======== Information supplied

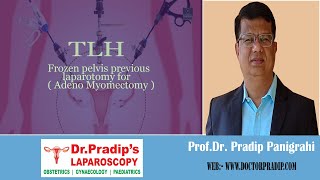 TLHFrozen Pelvis Previous Laparotomy forAdeno Myomectomylaparoscopicsurgeon video doctor [upl. by Zingg]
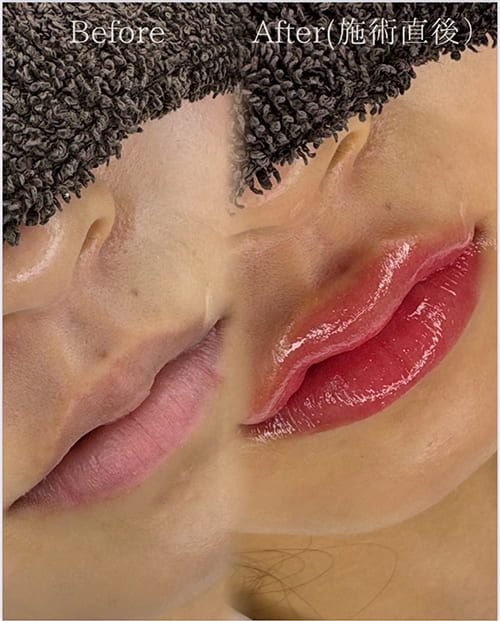 リップ ビフォーアフター画像3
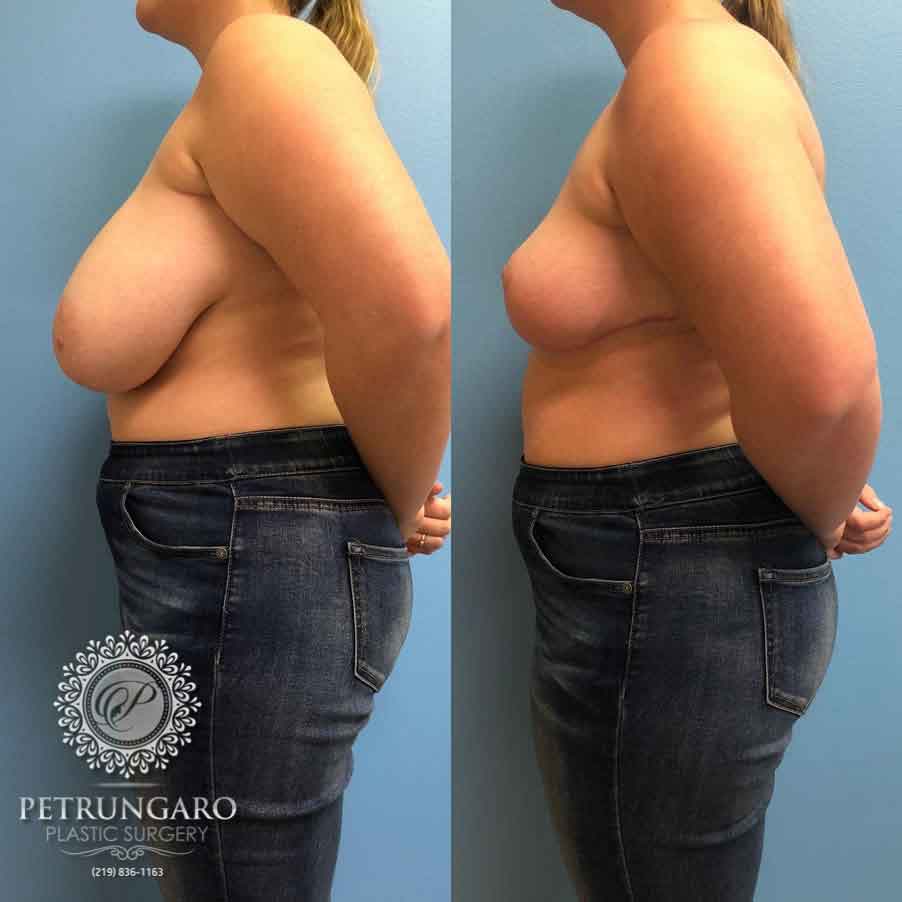 20-breast-reduction-2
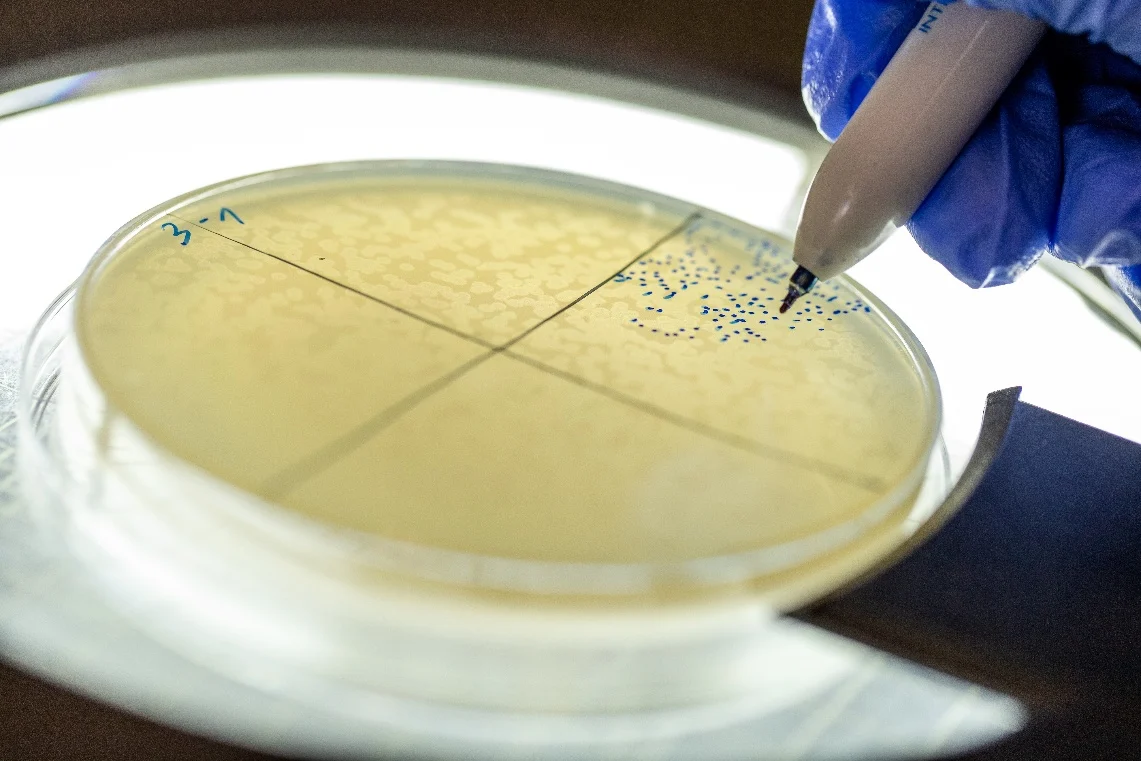 Ricerca israeliana: scoperta una molecola di RNA per combattere i batteri resistenti agli antibiotici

================

When you return the listing, keep each line exact and leave the pictures out.

• _Task solution_:
 TLHFrozen Pelvis Previous Laparotomy forAdeno Myomectomylaparoscopicsurgeon video doctor [upl. by Zingg]
 リップ ビフォーアフター画像3
 20-breast-reduction-2
 Ricerca israeliana: scoperta una molecola di RNA per combattere i batteri resistenti agli antibiotici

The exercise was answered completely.